To Whom It May Concern:

I am writing in response to a letter from Gerry Scharfenberger recently published in the Atlanticville, the East Brunswick Sentinel, the Hub, the Independent, the North and South Brunswick Sentinel, and the Suburban ("Governor’s stance on quarantine lauded") as well as the Atlantic Highlands Herald ("Gov. Christie Shows Leadership on Ebola Quarantine").  I am responding specifically to his reliance on the statements of Bruce Beutler, M.D., who won the Nobel Prize for Medicine and Physiology in 2011 for his work on cellular immunity and is currently the Director of the Center for the Genetics of Host Defense at the University of Texas Southwestern Medical Center in Dallas. 

Dr. Beutler has been cited as saying not only that he supports mandatory quarantine for all health care workers who may have been exposed to Ebola (since "it is unclear whether individuals who do not exhibit symptoms of Ebola can still transmit the virus"), but that isolation should ideally take place in a specialized hospital ward.  In contrast, the current guidelines of the federal Centers for Disease Control and Prevention (CDC) for those who may have been exposed to Ebola are that such individuals should undergo “direct active monitoring,” with a public health official observing these individuals for a 21-day period, taking their temperature once a day and checking on the temperature by phone a second time daily. (People being monitored must also report any symptoms. Additionally, they should avoid travel by airplane, ship, or long-distance train or bus, and discuss local public transit with health officials.) 

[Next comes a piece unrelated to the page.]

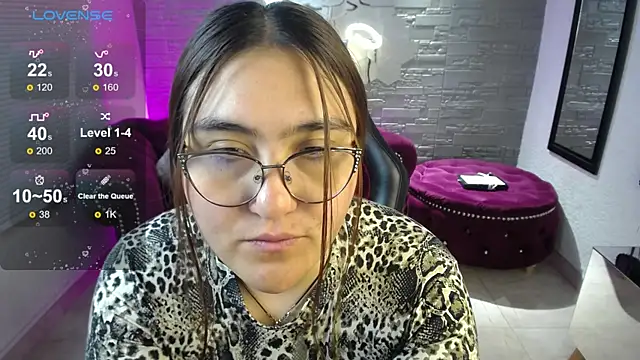 conniejames m online show from July 22, 12:39 pm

I would respond to Dr. Scharfenberger's letter in part by pointing out that the intersection of government and medicine is public health, not government or medicine, and that Dr. Beutler's recommendations have not been consistent with those of prominent public health experts.  For example, Georges C. Benjamin, M.D., executive director of the American Public Health Association, has asserted that the use of quarantine powers in this situation is likely to complicate the job of U.S. public health officials by creating more uncertainty and fear than is necessary, and George Annas, J.D., M.P.H., chairman of the Department of Health Law, Bioethics & Human Rights at Boston University’s School of Public Health, has argued that extreme requirements such as quarantines can even drive sick people into hiding, which is “the worst thing that can happen". 

With respect to the policy of quarantining health workers in particular, the Infectious Diseases Society of America recently issued the following statement against the practice:

"Because the transmission of [Ebola Virus disease] requires bodily fluid or blood contact, mandatory quarantine of asymptomatic healthcare workers who are expected to comply with active health monitoring by public health authorities provides no substantiated benefit and little, if any, theoretical benefit. Mandatory quarantine may also adversely impact the ability of US healthcare workers to participate in the care of suspected and confirmed Ebola patients."

An editorial published in the November 20, 2014 issue of the prestigious New England Journal of Medicine also makes the case against quarantining health care workers even more strongly: 

"Médecins sans Frontières, the World Health Organization, the U.S. Agency for International Development (USAID), and many other organizations say we need tens of thousands of additional volunteers to control the epidemic... If we add barriers making it harder for volunteers to return to their community, we are hurting ourselves."

(From a purely short-term economic point of view, it may also be worth noting that the use of a wrist-sensing device to perform "direct active monitoring" such as that currently recommended by CDC has been estimated to cost about $100 per person, in contrast to the cost of quarantine, which could amount to $1,000 per person per day or more.)